Unpacking the BS About ESG
We have a right to invest in the next generation’s future
Distributed by Trice Edney Newswire.
If a public opinion poll last month is right, more than half of you won’t know what I mean by the initials ESG, and fewer than one in 10 will understand what the acronym means for financial markets. But listening to some self-interested politicians, many of whom have ties to our dirtiest industries, you’d think ESG was a significant threat to the American way of life.
For the record, ESG refers to responsible investing that considers companies’ environmental, social, and governance practices. That’s actually something most Americans support. More than half of us think financial managers should be allowed to consider environmental factors, climate threats, and the risk involved in fossil fuels’ future and that states should invest public retirement funds in clean energy. More than eight in 10 of us who invest for ourselves want sustainable options for our savings, Morgan Stanley has reported.
In economics class, we called that demand.
In his 2022 annual letter to CEOs, Larry Fink, chairman of the world’s largest investment adviser BlackRock, called it “stakeholder” capitalism. “It is capitalism, driven by mutually beneficial relationships between you and the employees, customers, suppliers, and communities your company relies on to prosper. This is the power of capitalism,” he wrote, adding, “We focus on sustainability not because we’re environmentalists, but because we are capitalists and fiduciaries to our clients. That requires understanding how companies are adjusting their businesses for the massive changes the economy is undergoing.”
Perversely, Fink has been pilloried by right-wing politicians as a green ideologue when his firm claims to be the largest single investor in fossil fuel companies on the planet. These same politicians are trying to prohibit this kind of responsible investing through state and federal laws.
They argue they are fighting for free market capitalism when really they are limiting investors’ freedom to choose and the information that they need to make decisions. It’s not free markets—it’s political pressure.
The costs of these mistaken and misrepresented policies are real. Economists from the Federal Reserve Bank of Chicago and the University of Pennsylvania determined that within eight months of Texas passing a law that prevented local governments from using five of the largest bond underwriters, taxpayers would pay $300-$500 million more on the $31.8 billion those governments wanted to borrow. That amounts to about a 1 percent tax on that debt. Not to mention the banks cut out of the Texas market, which have Texas employees whose companies can no longer compete in their state.
Fortunately, some public officials are insisting that they be allowed to shape portfolios in ways that are fiscally sound precisely because they consider environmental impacts. I was in New York City last week for an announcement by city comptroller Brad Lander and the trustees of the New York City Employees’ Retirement System and the Teachers Retirement System of their plan to reach net-zero pollution from emissions in their investment portfolios by 2040.

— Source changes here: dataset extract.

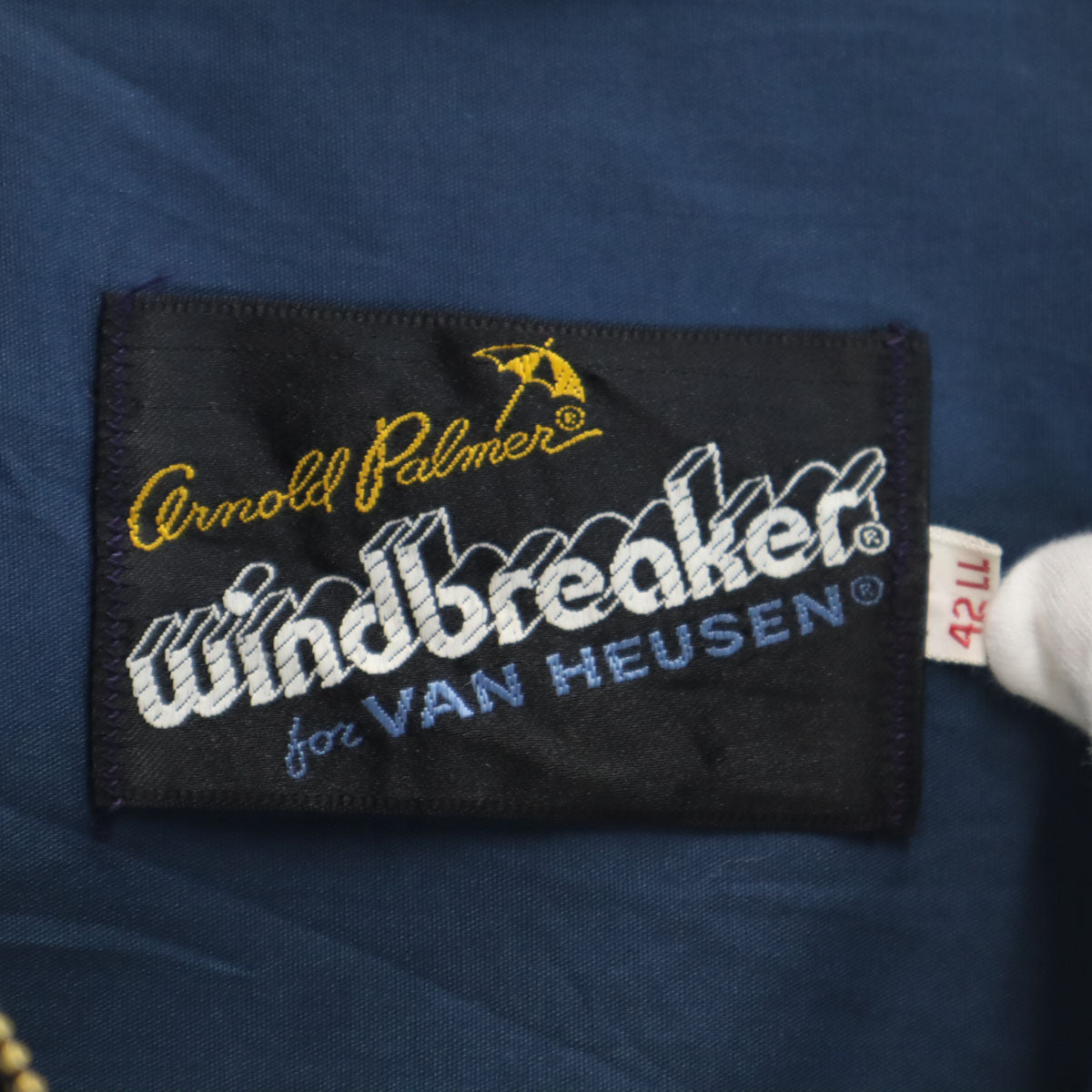 VAN HEUSEN ヴァンヒューゼン 60s 70s ヴィンテージ タロンジップ ユニオンチケット アーノルドパーマー 長袖 ドリズラー ジャケット 42LL ブルー スイングトップ メンズ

“If the cynical war of political distraction waged by red-state politicians at the behest of their fossil fuel donors deters us,” Lander predicted, “we will sacrifice our opportunity to maximize long-term investment returns along with millions of lives and trillions of dollars of global investment.”
Opponents of this responsible approach to investing derisively label it “woke” because they know that term creates confusion and, for some people, fear. The attack on ESG investing is a perfect wedge to divide us. If anything, the opponents of sustainable investing need to wake up to the idea that Americans want to pass on a safer, healthier planet powered by abundant energy to our children and our grandchildren. We want to put our money where our aspirations are.